Turning to the enumerated safety devices, we would note initially that plaintiff failed to plead the inadequacy or absence of the enumerated safety devices either in the complaint or the bill of particulars. Rather, the general allegations in the complaint track the standards set forth in Labor Law § 241 (6), relating to an unsafe workplace. Even if specifically pleaded, though, the enumerated devices or some equivalent must be demonstrated, with some exactitude, to have served a useful purpose in preventing the accident (see, Felker v Corning Inc., supra). The point of the enumerated safety devices is to shield the worker from the harm that is inherent in the elevated nature of his work, in furtherance of which the statute “mandate [s] devices having [this] specific purpose” (Rocovich v Consolidated Edison Co., supra, at 515). Hence, by illustration, for a laborer working in (or under) an elevated location, if the scaffold, hoist, stay, ladder, sling, hanger, block, pulley, brace, iron or rope is defective, malfunctions or is inadequate, and injury results from a resulting fall, then strict liability applies *386under Labor Law § 240 (1); if the injury, albeit at an elevated location, results, rather, from some other agency, then liability is not established under Labor Law § 240 (1) (Ross v Curtis-Palmer Hydro-Elec. Co., supra [welder welding seam from position on scaffold suffered back strain; however, the purported inadequacy of the scaffold did not result in a fall]). The focus is on how the safety device would have performed to have prevented a fall in relation to the work being performed.

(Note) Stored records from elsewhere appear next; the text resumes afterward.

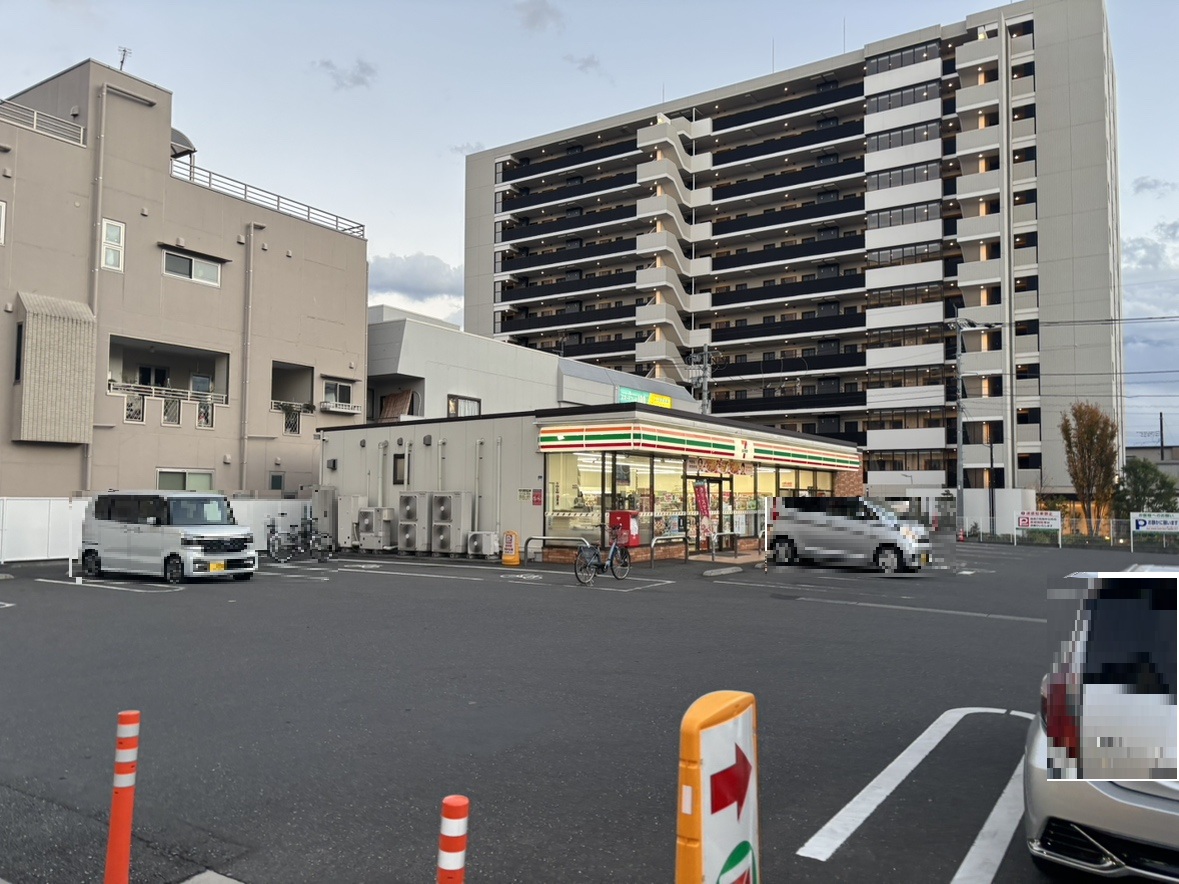 ハイムスイート東松山 コンビニ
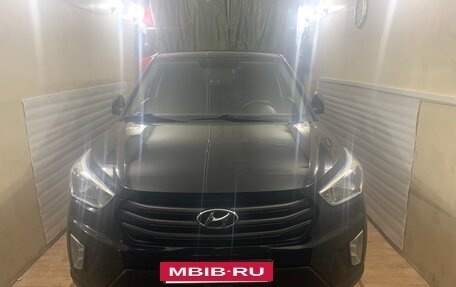 Hyundai Creta I рестайлинг, 2017 год, 1 500 000 рублей, 28 фотография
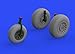 Eduard EDB648534 Brassin 1:48-A-26/B-26 Invader Wheels (ICM)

Plaintiff in this case navigated around the finished second floor as he touched up the completed painting job. For the purpose of touching up the locations to which plaintiff was attending, no scaffold, hoist, stay, ladder, sling, hanger, block, pulley, brace, iron, or rope was necessary to have prevented the fall in this case.

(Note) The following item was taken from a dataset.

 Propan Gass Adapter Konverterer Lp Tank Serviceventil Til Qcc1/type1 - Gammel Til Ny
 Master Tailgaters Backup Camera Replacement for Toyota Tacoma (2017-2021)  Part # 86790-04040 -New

Nor may plaintiff give undue expansion to the miscellaneous term “other devices” to include almost any device—such as planking or barriers—that might have prevented this fall. Rather, as we have noted in the past, this term, under standard canons of statutory construction, necessarily is qualified by the terms that precede it (Ryan v Morse Diesel, supra), all of which are safety devices that specifically refer to the temporary elevation of the worker to access, or to reach over, the work-site, or that would protect him from being struck by falling materials.

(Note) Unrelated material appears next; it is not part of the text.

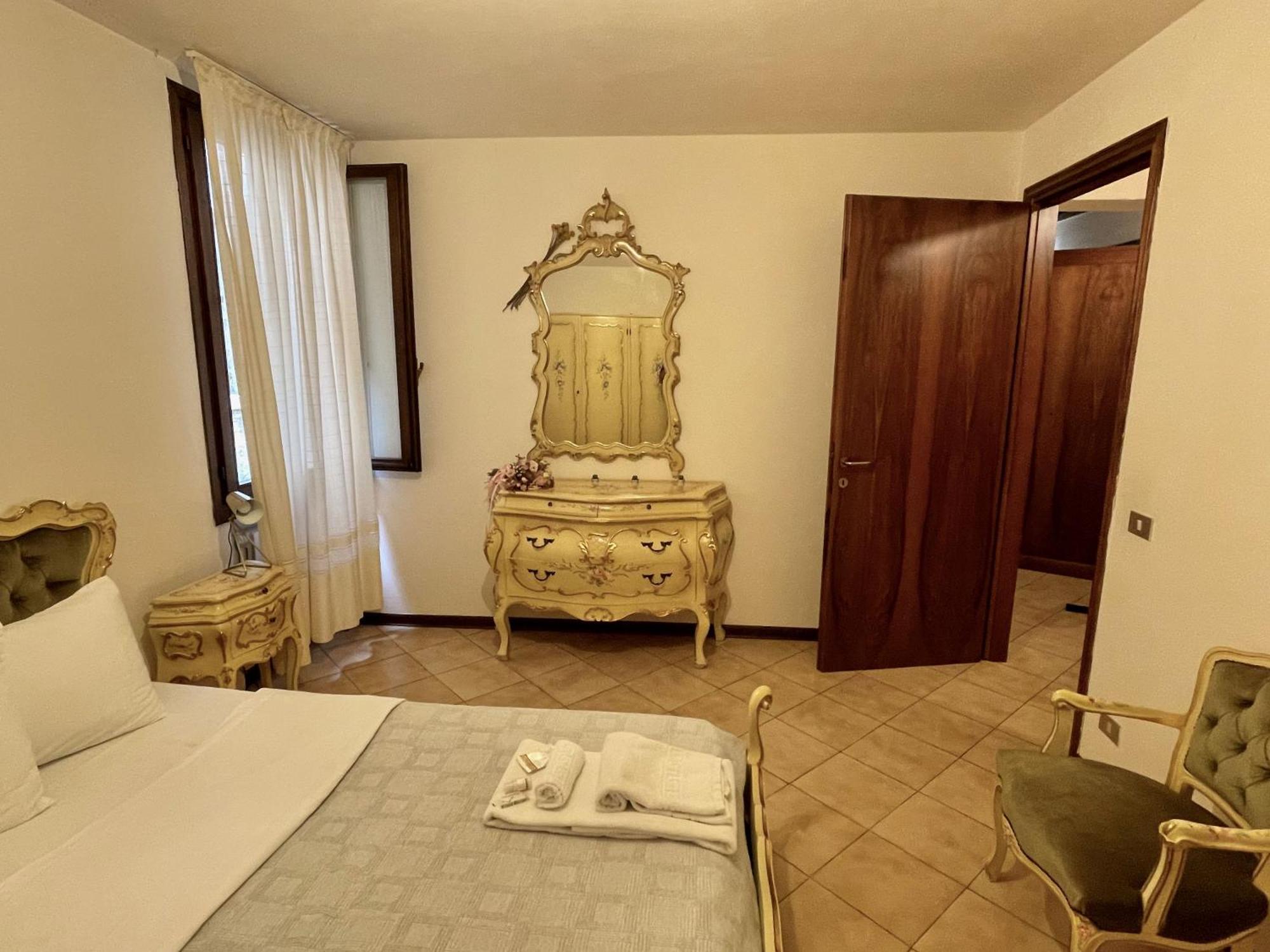 Apartamento Palazzo Bianchetti Treviso Habitación foto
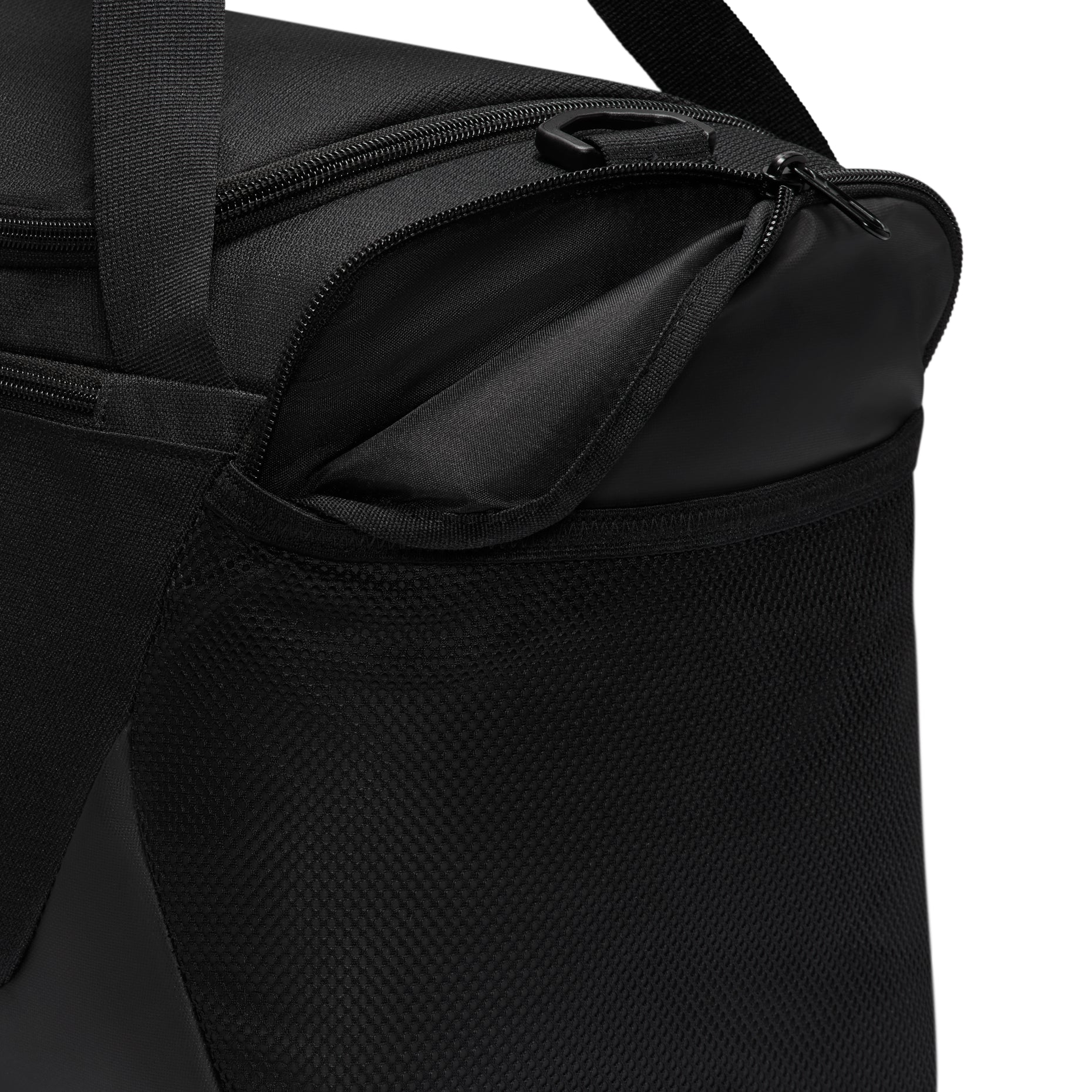 Nike Brasilia 24L Training Canvas Bag 'Black Whtie' IB4398-010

Finally, returning to the observation made at the outset of this dissent, there are alternative, more precise, means of statutory relief, albeit with a less generous standard of liability, in Labor Law § 241 (6) and § 241-a. To allow for redundant theories of recovery for the same workplace defect, under essentially contrary standards, logically creates an internal inconsistency in the Labor Law. Under these circumstances, Labor Law § 241 (6), and more particularly Labor Law § 241-a, would become meaningless when coupled with the plaintiffs reliance on Labor Law § 240 (1), which imposes strict liability on the defendant. The Court of Appeals, in rejecting Labor Law § 240 (1) liability in favor of Labor Law § 241 (6) liability, noted that “[i]t is an accepted rule that all parts of a statute are intended to be given effect and that a statutory construction which renders one part meaningless should be avoided” (Rocovich v Consolidated Edison Co., supra, at 515).

Accordingly, I would reverse arid grant judgment to defendant on the claim advanced under Labor Law § 240 (1), and to that extent I would also dismiss the third-party complaint insofar as it is related to the Labor Law § 240 (1) claim, and remand for further proceedings on the remaining claims.

In any event, plaintiffs failure to plead a specific safety device was remedied by the trial evidence establishing that a rope was used to guard the unprotected hole on prior occasions.